Mais cette coïncidence est riche de sens pour la mémoire collective d'Israël. Elle oppose, sous un même nom, deux figures : d'un côté le maître de la halakha, gardien patient du droit et de la mesure ; de l'autre l'illuminé messianique qui, en 1666, se convertirait à l'islam sous la contrainte du sultan, jetant la consternation dans la diaspora. Les travaux sur les conversions dans l'Empire ottoman ont montré combien ces passages de frontière religieuse structurèrent l'imaginaire de l'époque, et l'historiographie récente a rappelé combien le mythe d'un pouvoir ottoman uniformément « sauveur » demande à être nuancé. La lignée du Maharhash appartient au premier versant : celui de la piété enracinée dans l'étude, du refus des raccourcis exaltés, de la fidélité à la Loi contre la tentation de l'apocalypse. En ce sens, elle représente ce que Salonique produisit de plus solide, à l'heure même où la ville vacillait sous la fièvre messianique — le judaïsme de la yeshiva contre le judaïsme du délire.

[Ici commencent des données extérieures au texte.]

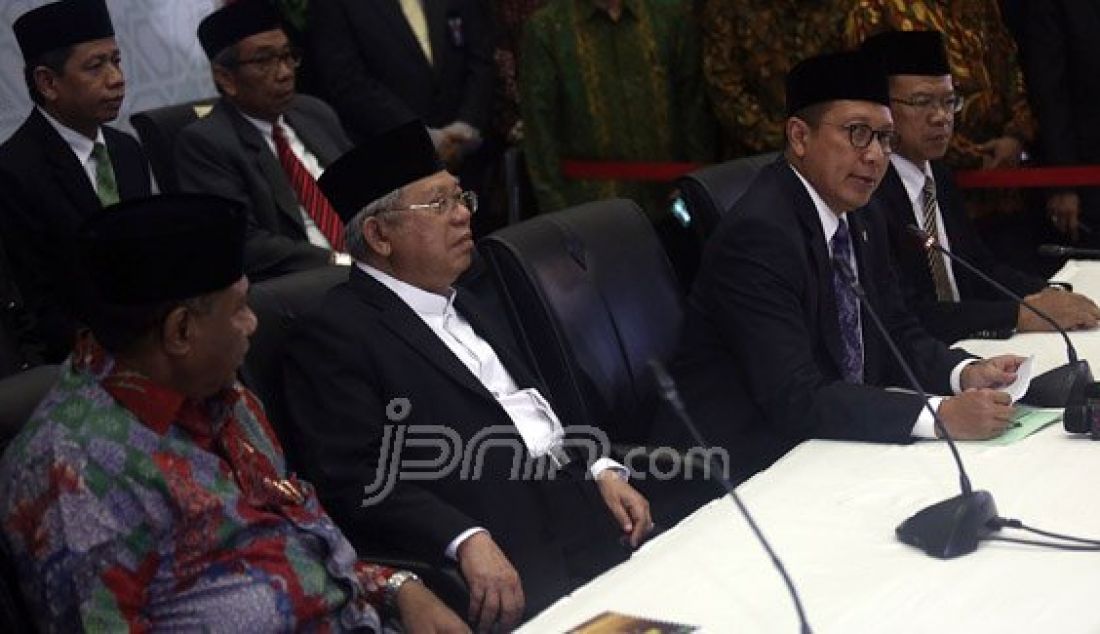 Menteri Agama Lukman Hakim, Ketua Umum Majelis Ulama Indonesia (MUI) Pusat Maruf Amin (kedua kiri), Ketua Komisi VIII DPR Ali Taher (kiri) dan Dirjen Bimas Islam Kemenag Machasin menggelar konferensi pers sidang isbat, Jakarta, Minggu (5/6). Lukman menetapkan 1 ramadhan 1437 H pada hari ini. Foto: Ricardo/JPNN.com - JPNN.com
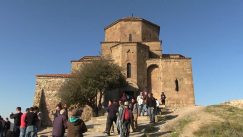 U kolevkama hrišćanstva, ali i tamo gde mu se "nismo nadali”: Gruzija, Jermenija, Iran - „reporterska hodočašća” Živorada Žike Trakića 6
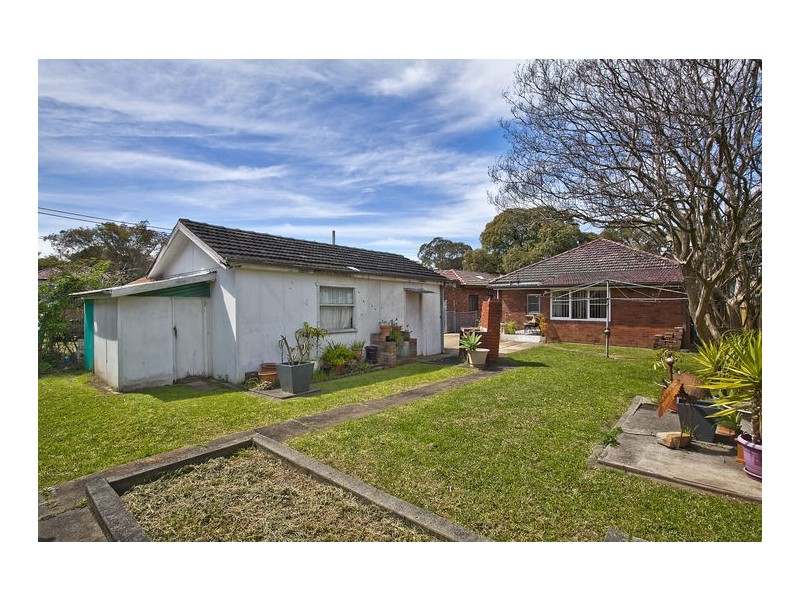 4 Allawah Ave, Sefton NSW 2162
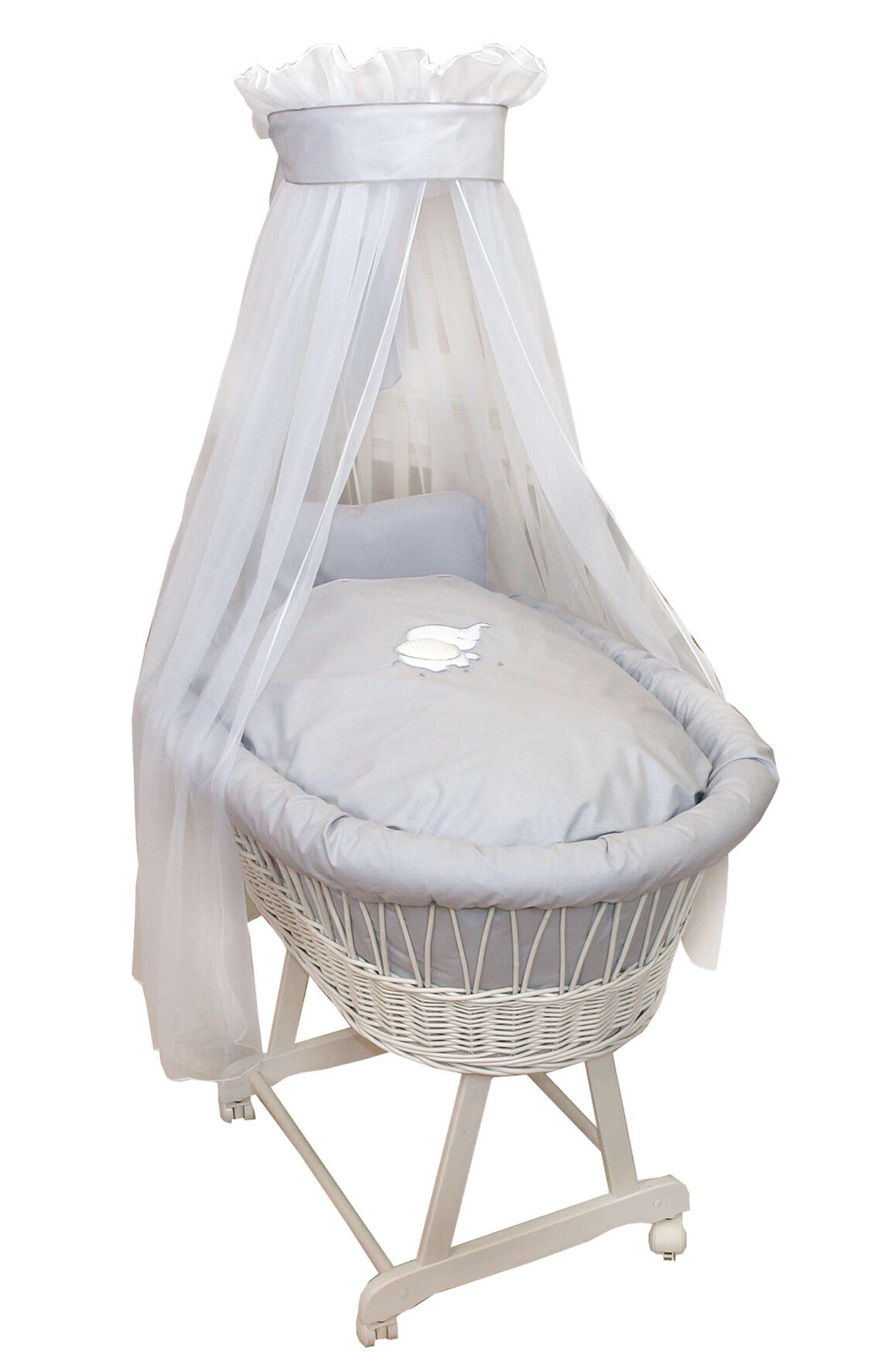 Moses wicker basket with bedding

De Rabbi Shabbethaï, père presque anonyme, à son fils Hayyim, maître de tout un siècle, puis à Moïse qui reprit sa chaire, la lignée Shabbethaï dessine une trajectoire exemplaire du judaïsme séfarade ottoman : celle d'un nom qui, parti de l'humilité d'un notable, devint synonyme d'autorité juridique par le seul mérite de l'étude. Entre toutes les vertus qu'Israël a portées, c'est le service de la Torah au bénéfice des communautés dispersées que cette famille aura le mieux exprimé — un savoir talmudique mis non au service de la gloire personnelle, mais de la justice concrète et de l'unité d'un peuple éclaté. Que des Juifs du Brésil hollandais aient consulté un maître de Salonique dit tout de cette vocation : la halakha du Maharhash fut un fil tendu entre les continents, une manière d'arvout, la responsabilité mutuelle qui fait d'Israël un seul corps.
Le livre laisse aussi ses zones d'ombre — la figure indistincte du père, la descendance perdue dans les incendies saloniciens, l'homonymie troublante avec le faux messie de 1666. Ces silences ne diminuent pas la lignée ; ils en garantissent l'honnêteté. Car ce que la mémoire d'Israël retient du nom Shabbethaï, ce n'est pas une dynastie de sang mais une chaîne de transmission : celle par laquelle un enseignement de vie, un Torat Hayyim, passe d'un maître à ses disciples, d'un père à son fils, et d'une communauté d'Orient aux confins du monde nouveau.